The second question can also be written directly, but it is more complex than the first question. We need to improve the relationship. Don't nest and write the sentences disorderly. Finally, the output of the cumulative results on the line.
The third question is to find the shortest path, and then compare whether you can go back.
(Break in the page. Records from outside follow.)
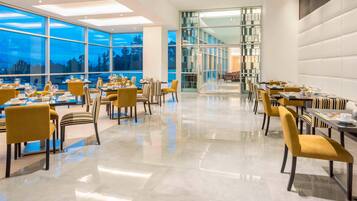 A modern dining area with tables set for meals, large windows, and a high ceiling.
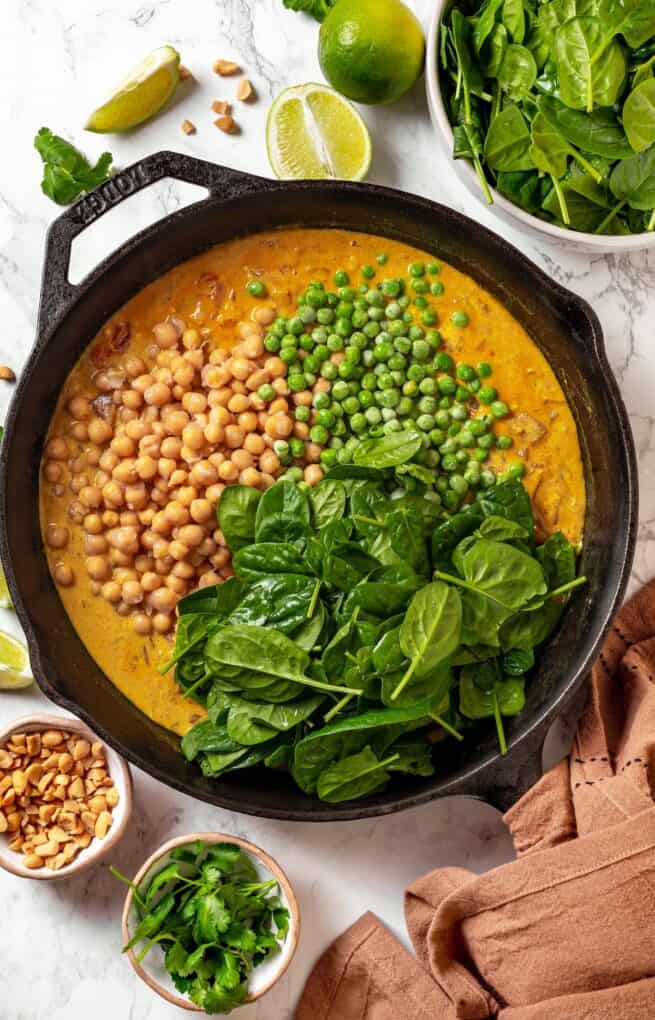 Piles of chickpeas, green peas and fresh spinach being added to a curry sauce in a cast iron pan.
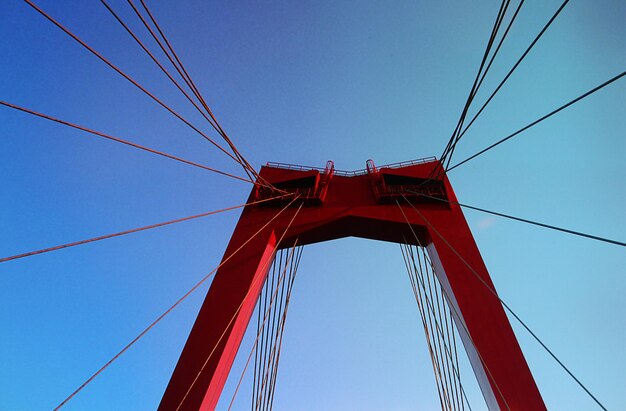 Photo vue à bas angle du pont suspendu contre un ciel bleu clair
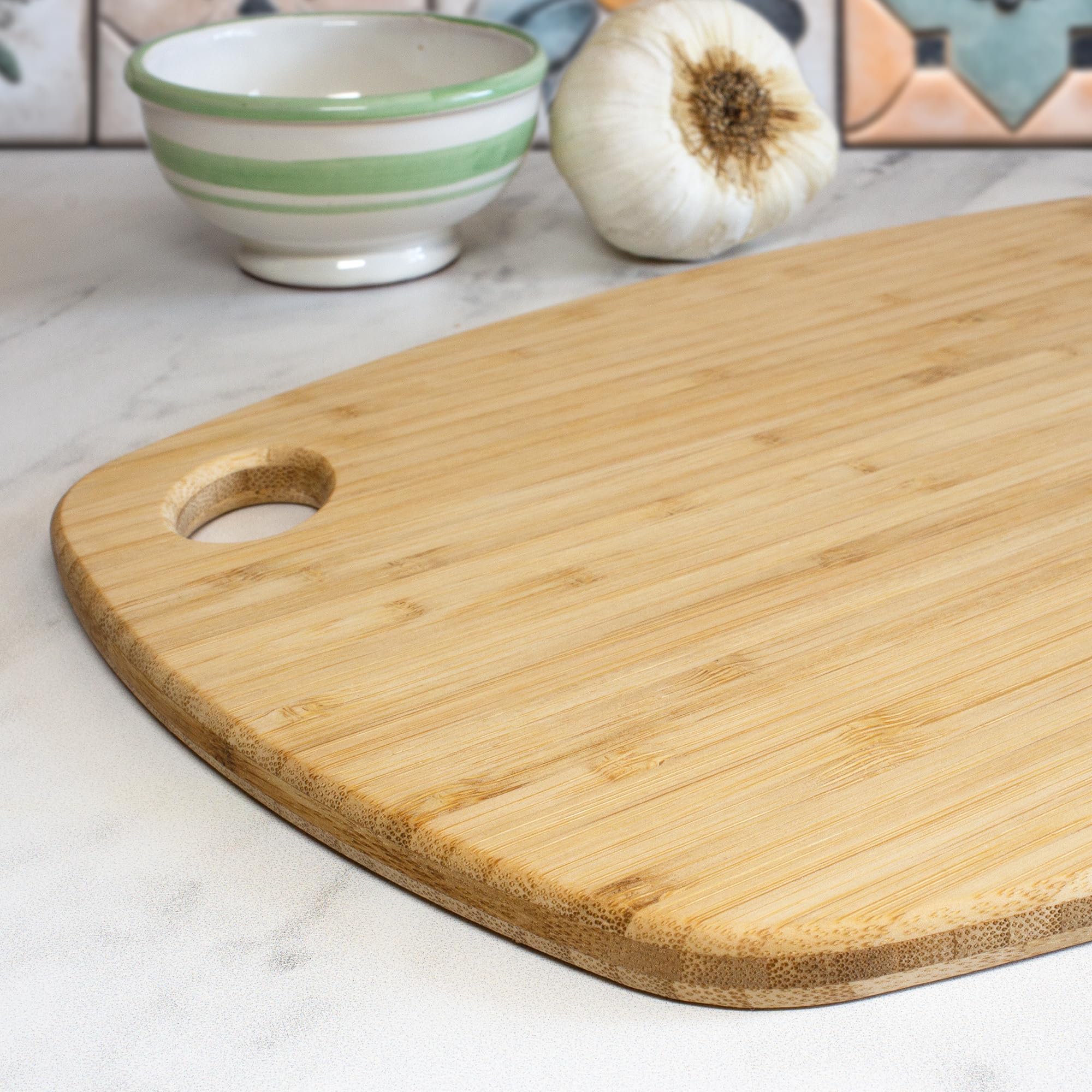 Totally Bamboo Greelite knife-friendly bamboo board protects blades during slicing.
The time in this question is the weight, but there is more time-space backflow here, so we regard it as negative:
You can do this,
Travel cost: go to all points, and then return with the smallest weight, and then count the times. It's a little difficult for me to achieve.
An example was given in the class, with this idea:
The relaxation operation learned last semester can't remember clearly in some places. Baidu explained: relaxation operation refers to setting an attribute d[v] for each vertex v ∈ V to describe the upper bound of the weight on the shortest path from the source point s to V, which is called the shortest path estimate.
The fifth question is too difficult to do. You can also write a Dijie Tesla function on the Internet. I can't write it myself.